Cut mini notched rafters called "lookouts" from the 2- by 6-inch roofing lumber stock.
Nail each lookout to a rafter. The bottom edge of the lookout should rest on the top of the wall, extending passed the outside face of the wall and the edge of the roof. Successive lookouts must each be notched to create sufficient slope to ensure rainwater will readily flow downhill when the gutter is lined with metal.
Nail 1-inch thick lumber to the top of the notched edge of the lookout to support the bottom of the metal liner.
Nail a fascia strip to the outside end of the lookout. The height of the fascia strip determines the outside slope of the gutter and will vary per the individual building size.
Line the wood gutter with either tin coated steel sheeting or rolled copper. To calculate the gutter box size and determine the dimensions of the metal insert, use the "Load and Run Box Cutter Calculator" in Resources (please note this is a metric calculator so conversion may be necessary) with following the steps.
Open the calculator and enter the square footage of the side of the roof the water is flowing down in the box labelled "Roof Catchment Area."
Type the rainfall intensity for your location in the "Rainfall Intensity" box. You can get this information from your local weather bureau.
Type in your "Trial Box Gutter Width." This is an estimate of what you think the gutter width should be.
Type in an estimate of your "roof slope" in degrees.
Enter "16" in the box labelled "Box Gutter Slope." This number represents the average slope for a gutter.
Click "Calculate" to get the final dimensions of the inside metal gutter insert.
Create S joints where two sections of the metal have to be soldered together. An S joint is created by bending the flat edge over on each sheet of the metal where two sections are joined. Bend over a minimum of 3/8 of an inch.
Hook the two bent edges into each other to form the interlocking S joint and then flatten the joint with a rubber mallet.

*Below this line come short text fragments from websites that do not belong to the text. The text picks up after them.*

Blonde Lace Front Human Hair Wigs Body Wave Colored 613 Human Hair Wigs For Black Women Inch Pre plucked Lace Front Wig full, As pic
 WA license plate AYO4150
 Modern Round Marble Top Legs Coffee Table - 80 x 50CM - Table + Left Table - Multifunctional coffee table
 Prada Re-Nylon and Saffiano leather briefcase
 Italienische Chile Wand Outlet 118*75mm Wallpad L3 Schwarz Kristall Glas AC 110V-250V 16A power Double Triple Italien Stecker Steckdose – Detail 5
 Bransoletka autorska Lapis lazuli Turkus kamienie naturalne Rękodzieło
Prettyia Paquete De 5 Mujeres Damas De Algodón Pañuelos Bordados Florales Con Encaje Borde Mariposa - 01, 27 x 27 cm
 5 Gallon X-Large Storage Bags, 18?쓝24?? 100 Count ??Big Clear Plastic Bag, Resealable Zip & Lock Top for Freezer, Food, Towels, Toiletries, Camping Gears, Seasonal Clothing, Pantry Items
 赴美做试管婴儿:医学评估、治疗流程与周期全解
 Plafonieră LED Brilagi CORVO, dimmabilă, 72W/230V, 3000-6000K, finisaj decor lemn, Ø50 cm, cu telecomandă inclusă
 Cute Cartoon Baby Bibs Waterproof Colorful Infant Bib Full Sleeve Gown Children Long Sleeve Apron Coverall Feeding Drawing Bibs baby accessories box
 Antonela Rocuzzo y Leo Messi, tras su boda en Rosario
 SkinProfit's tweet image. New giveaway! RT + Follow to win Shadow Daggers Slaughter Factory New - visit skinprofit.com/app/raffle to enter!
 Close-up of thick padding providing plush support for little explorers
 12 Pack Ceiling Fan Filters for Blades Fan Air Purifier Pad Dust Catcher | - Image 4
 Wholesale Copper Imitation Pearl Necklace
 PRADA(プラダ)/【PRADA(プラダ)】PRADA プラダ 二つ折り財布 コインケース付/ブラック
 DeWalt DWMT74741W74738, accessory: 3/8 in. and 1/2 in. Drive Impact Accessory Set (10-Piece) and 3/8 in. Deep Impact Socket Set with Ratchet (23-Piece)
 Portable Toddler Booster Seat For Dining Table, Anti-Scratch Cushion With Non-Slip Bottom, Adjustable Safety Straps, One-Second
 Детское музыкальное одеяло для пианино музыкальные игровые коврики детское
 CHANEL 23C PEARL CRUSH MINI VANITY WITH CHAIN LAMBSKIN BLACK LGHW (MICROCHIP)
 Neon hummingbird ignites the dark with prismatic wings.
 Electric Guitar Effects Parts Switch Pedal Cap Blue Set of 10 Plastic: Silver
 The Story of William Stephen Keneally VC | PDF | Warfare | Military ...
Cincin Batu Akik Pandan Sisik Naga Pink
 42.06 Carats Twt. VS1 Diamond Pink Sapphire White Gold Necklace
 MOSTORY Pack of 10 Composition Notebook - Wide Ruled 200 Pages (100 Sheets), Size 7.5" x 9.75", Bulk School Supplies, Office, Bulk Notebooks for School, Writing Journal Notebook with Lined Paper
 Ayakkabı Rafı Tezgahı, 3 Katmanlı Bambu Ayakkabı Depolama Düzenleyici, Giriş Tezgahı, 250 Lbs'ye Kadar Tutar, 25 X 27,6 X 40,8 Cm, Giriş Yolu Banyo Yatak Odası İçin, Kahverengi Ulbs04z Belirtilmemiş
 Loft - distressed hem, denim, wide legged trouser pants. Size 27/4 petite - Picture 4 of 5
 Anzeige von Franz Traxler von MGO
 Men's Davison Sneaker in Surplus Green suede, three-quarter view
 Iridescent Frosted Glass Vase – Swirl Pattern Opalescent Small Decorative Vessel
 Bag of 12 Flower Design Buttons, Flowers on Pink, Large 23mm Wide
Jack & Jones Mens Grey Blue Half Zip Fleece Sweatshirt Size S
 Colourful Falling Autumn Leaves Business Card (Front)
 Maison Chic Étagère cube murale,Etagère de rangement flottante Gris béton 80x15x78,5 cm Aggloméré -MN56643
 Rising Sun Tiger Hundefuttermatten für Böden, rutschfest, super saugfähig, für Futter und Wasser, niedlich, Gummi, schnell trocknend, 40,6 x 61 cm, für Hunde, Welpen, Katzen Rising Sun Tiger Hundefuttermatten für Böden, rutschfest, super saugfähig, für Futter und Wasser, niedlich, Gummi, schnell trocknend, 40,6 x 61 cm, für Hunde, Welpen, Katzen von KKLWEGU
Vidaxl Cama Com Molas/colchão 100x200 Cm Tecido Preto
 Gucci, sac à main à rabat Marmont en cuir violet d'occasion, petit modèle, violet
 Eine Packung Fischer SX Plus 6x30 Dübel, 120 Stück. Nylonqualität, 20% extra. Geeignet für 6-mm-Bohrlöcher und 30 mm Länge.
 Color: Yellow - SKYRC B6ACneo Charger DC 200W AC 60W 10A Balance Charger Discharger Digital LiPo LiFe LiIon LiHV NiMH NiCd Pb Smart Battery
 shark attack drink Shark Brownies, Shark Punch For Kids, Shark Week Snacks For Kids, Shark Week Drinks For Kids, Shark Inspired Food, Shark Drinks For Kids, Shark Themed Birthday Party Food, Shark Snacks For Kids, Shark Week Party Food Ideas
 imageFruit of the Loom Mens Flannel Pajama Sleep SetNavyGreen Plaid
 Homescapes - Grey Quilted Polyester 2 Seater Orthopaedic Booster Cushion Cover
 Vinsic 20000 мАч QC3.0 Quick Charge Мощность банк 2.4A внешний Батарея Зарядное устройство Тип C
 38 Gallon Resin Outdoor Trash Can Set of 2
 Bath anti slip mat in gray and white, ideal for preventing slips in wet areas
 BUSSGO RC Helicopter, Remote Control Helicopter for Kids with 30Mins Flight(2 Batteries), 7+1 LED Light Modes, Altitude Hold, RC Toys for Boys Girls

Heat the metal with a torch and flow enough solder until the S joint is completely coated with solder. Solder in all downspout connections.
Bend the metal to fit the dimensions of the wood gutter.
Clean the surface of the tin using a rag and paint thinner or white spirit. Prime the metal with a coat of metal primer. Let it dry and paint a top coat of exterior paint within 24 hours of painting the primer coat on. Insert the metal liner into the wood gutter.
To avoid having to paint the metal used for the gutter lining, consider installing a rubber membrane, the kind used on roofs, to the face of the metal gutter lining. Paint the outside of the gutter fascia board to match the rest of the house.
You will be flowing large amounts of solder, wear safety goggles to protect your eyes from any solder that might boil up and fly through the air.